3. Sync the current blog data. The data is currently stored in GitHub issues, and I want to keep using this repo's issues as the data source.
4. It should be AI-friendly: the blog supports AI automatic translation to English, and an AI short summary at the beginning.
5. Support English and Chinese, light and dark themes (with transition animations when switching).

This is a large, complex task requiring many steps. It tests the AI model’s ability in:

  • Long task execution
  • Front-end aesthetics
  • Backend data and AI integration
  • Working with existing data and resources — also the most common scenario in daily work

After about half an hour, both models finished their work. Let’s see the results.

Kimi:

image-20260420194352943

Zhipu GLM:

image-20260420203037591

The difference is obvious: Zhipu’s implementation was weak, and it even failed at first. For vibe coding, that is unacceptable.

Out of curiosity, I also compared MiniMax and Codex with the same prompt.

MiniMax:

image-20260420200408594

Codex:

image-20260420194435507

I didn’t have Claude model do the development. Two reasons:

  1. I needed Claude to act as the judge. If Claude were also a participant, the comparison might be unfair.
  2. Claude is too expensive. If I let it run, my 5-hour quota would probably be used up before it finished.

Now let’s look at Claude model’s summary of the code and results from these four models.

image-20260420193729999

Here is my prompt, followed by the conclusion:

image-20260420193805997

The conclusion says Codex is best, followed by Kimi. Although Codex’s implementation had bilingual support, it wasn’t really fully functional. If we ignore the code, I think Kimi is the best, because Kimi’s front-end aesthetic is on point. Codex is indeed much weaker in terms of front-end aesthetics.
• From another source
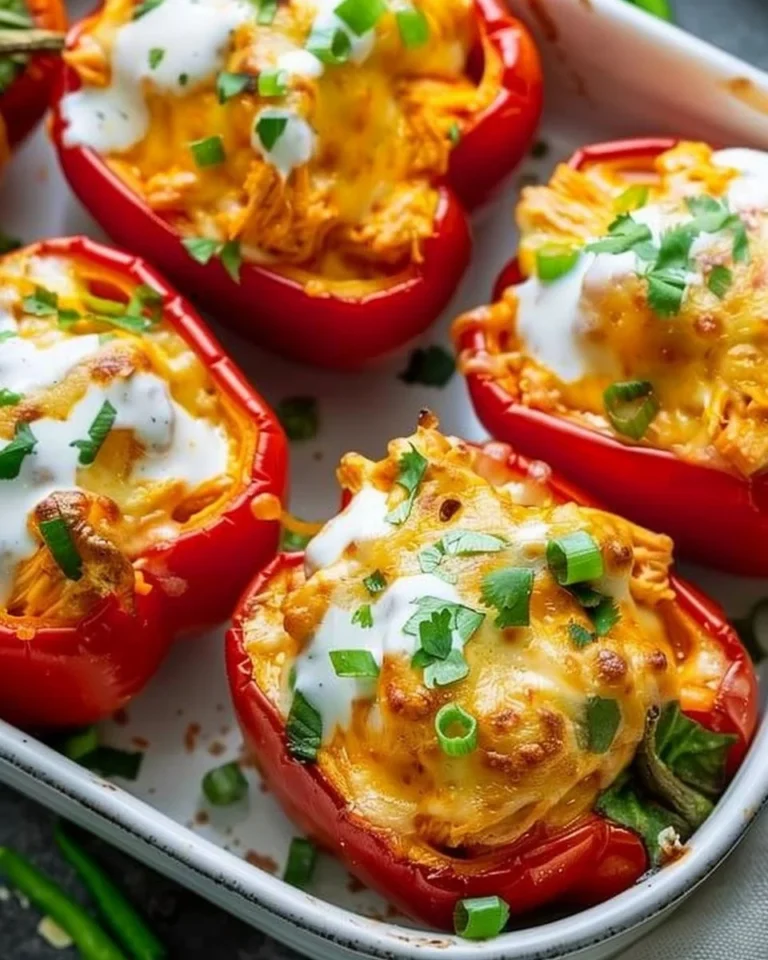 Dairy-free Buffalo Chicken Stuffed Peppers with fresh ingredients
Real project development experience

After testing, I used Kimi’s K2.6-code-preview model for two days on real projects. I am now more convinced that it is powerful. Here is a problem that Codex failed to solve twice, but Kimi fixed in one try:

Problem: After confirming a click in a scrollable area, auto-scroll to top fix.

image-20260420142324178

I tried Codex 5.4 twice without success, but Kimi fixed it in one try. I still consider Codex one of the strongest debugging models, but it lost to Kimi here. In the end, I had Codex learn from Kimi’s approach. This is a serious domestic AI contender.

image-20260420143742036

Summary

Through testing and real use, I believe Kimi’s K2.6-code-preview is an under-the-radar dark horse. If you are still deciding which large model to subscribe to, I recommend Kimi’s starter plan. It costs 49 yuan per month, and under normal use you probably will not use up the quota.

MiniMax, Kimi, GLM integration with Claude Code

Terminal window
# MiniMax
export ANTHROPIC_AUTH_TOKEN=sk-xxx
export ANTHROPIC_BASE_URL=https://api.minimax.io/anthropic
export ANTHROPIC_DEFAULT_OPUS_MODE=MiniMax-M2.7
export ANTHROPIC_SMALL_FAST_MODEL=MiniMax-M2.7
export ANTHROPIC_DEFAULT_SONNET_MODEL=MiniMax-M2.7
export ANTHROPIC_DEFAULT_HAIKU_MODEL=MiniMax-M2.7
export API_TIMEOUT_MS=3000000
export CLAUDE_CODE_DISABLE_NONESSENTIAL_TRAFFIC=1
# Kimi
export ANTHROPIC_BASE_URL=https://api.kimi.com/coding/
export ANTHROPIC_API_KEY=sk-xxx
export ANTHROPIC_DEFAULT_OPUS_MODE=K2.6-code-preview
export ANTHROPIC_DEFAULT_SONNET_MODEL=K2.6-code-preview
export ANTHROPIC_DEFAULT_HAIKU_MODEL=K2.6-code-preview
export API_TIMEOUT_MS=3000000
export CLAUDE_CODE_DISABLE_NONESSENTIAL_TRAFFIC=1
# Zhipu GLM
export ANTHROPIC_AUTH_TOKEN=xxx
export ANTHROPIC_BASE_URL=https://open.bigmodel.cn/api/anthropic
export ANTHROPIC_DEFAULT_OPUS_MODE=glm-5.1
export ANTHROPIC_DEFAULT_SONNET_MODEL=glm-5.1
export ANTHROPIC_DEFAULT_HAIKU_MODEL=glm-5.1
export API_TIMEOUT_MS=3000000
export CLAUDE_CODE_DISABLE_NONESSENTIAL_TRAFFIC=1

Since my company also provides an official Claude subscription, I usually paste the corresponding service configuration into the terminal, use it temporarily in that window, and manage the snippets with a clipboard tool.

You might see a warning in the terminal like the one below, but it is fine. Use it as normal.

image-20260420164648079

Thanks for reading! Hope this article helps you choose your AI service.

(This article is 100% handcrafted, no AI involved.)